IOW, it probably falls under "can't touch that, no matter how much we'd
like to" ;-/  Pity, that...

That leaves the question of MOVE_MOUNT_BENEATH with empty pathname -
do we want a variant that would say "slide precisely under the opened
directory I gave you, no matter what might overmount it"?

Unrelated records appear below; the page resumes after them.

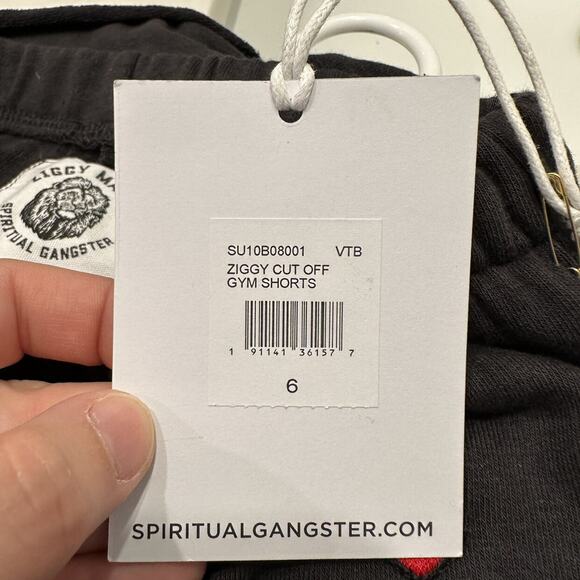 NWT Spiritual Gangster Ziggy Marley Dark Grey Cut Off Gym Shorts - Picture 5 of 5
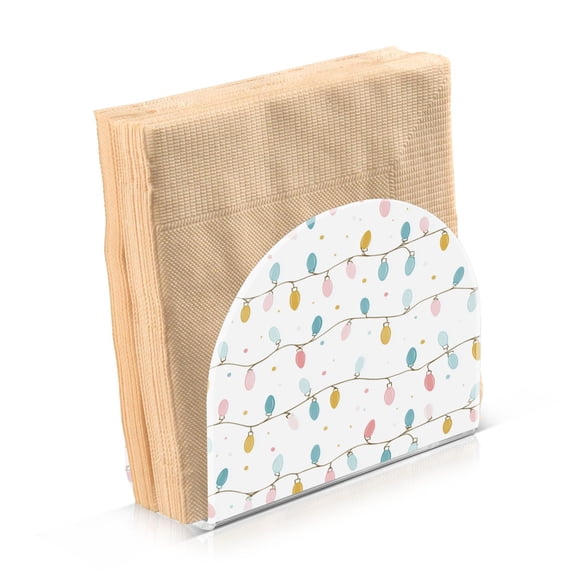 Napkin Holder for Table Kitchen Paper Tissue Organization Standing Paper Napkin Storage Minimalist Christmas Lights Pattern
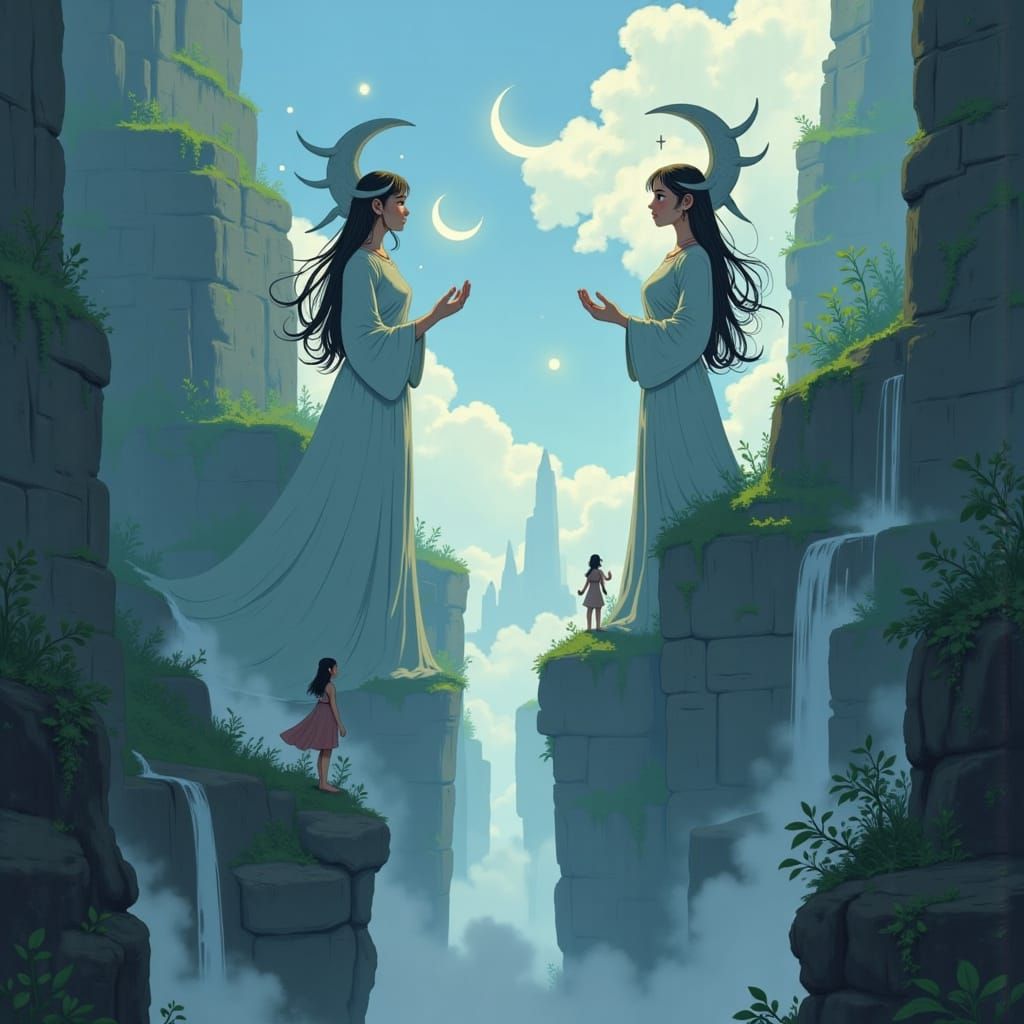 Two Lunar Goddesses Facing Across a Gorge with Glowing Moons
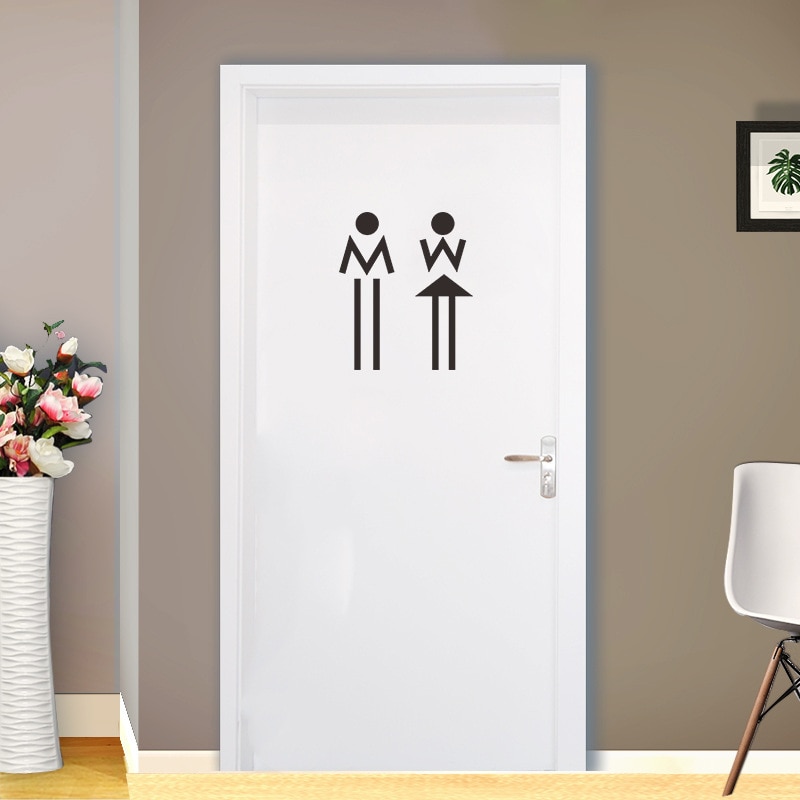 Wctoilet indgangsskilt dør klistermærker til offentligt sted hjem dekoration mønster vægoverføringsbilleder diy sjov vinyl vægmaleri kunst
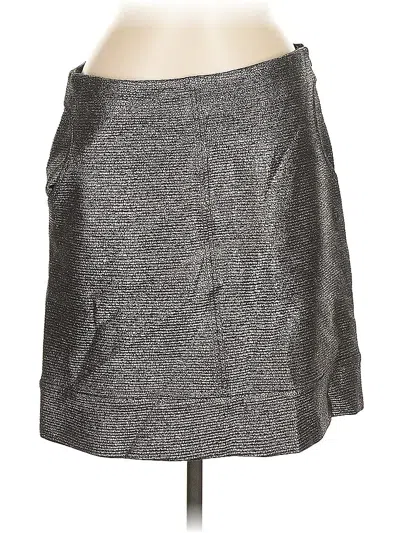 Pre-owned Diane Von Furstenberg Faux Leather Skirt In Silver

At the very least this corner case needs to be documented in move_mount(2)
- behaviour of
	move_mount(_, _, dir_fd, "",
		   MOVE_MOUNT_T_EMPTY | MOVE_MOUNT_BENEATH)
has two apriori reasonable variants ("slide right under the top of
whatever pile there might be over dir_fd" and "slide right under dir_fd
itself, no matter what pile might be on top of that") and leaving it
unspecified is not good, IMO...

Re: [RFC] {do_,}lock_mount() behaviour wrt races and move_mount(2) with empty to_path (was Re: [PATCH] fs/namespace.c: fix mountpath handling in do_lock_mount())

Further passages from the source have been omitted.